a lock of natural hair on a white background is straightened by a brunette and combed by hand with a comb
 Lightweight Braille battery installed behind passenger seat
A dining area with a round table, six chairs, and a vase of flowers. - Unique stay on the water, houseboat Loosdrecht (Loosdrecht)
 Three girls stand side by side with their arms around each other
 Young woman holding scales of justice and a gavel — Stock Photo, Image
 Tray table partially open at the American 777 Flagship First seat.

=== Required work ===
Tally the lines above with "seat", please; number only.

=== Written solution ===
2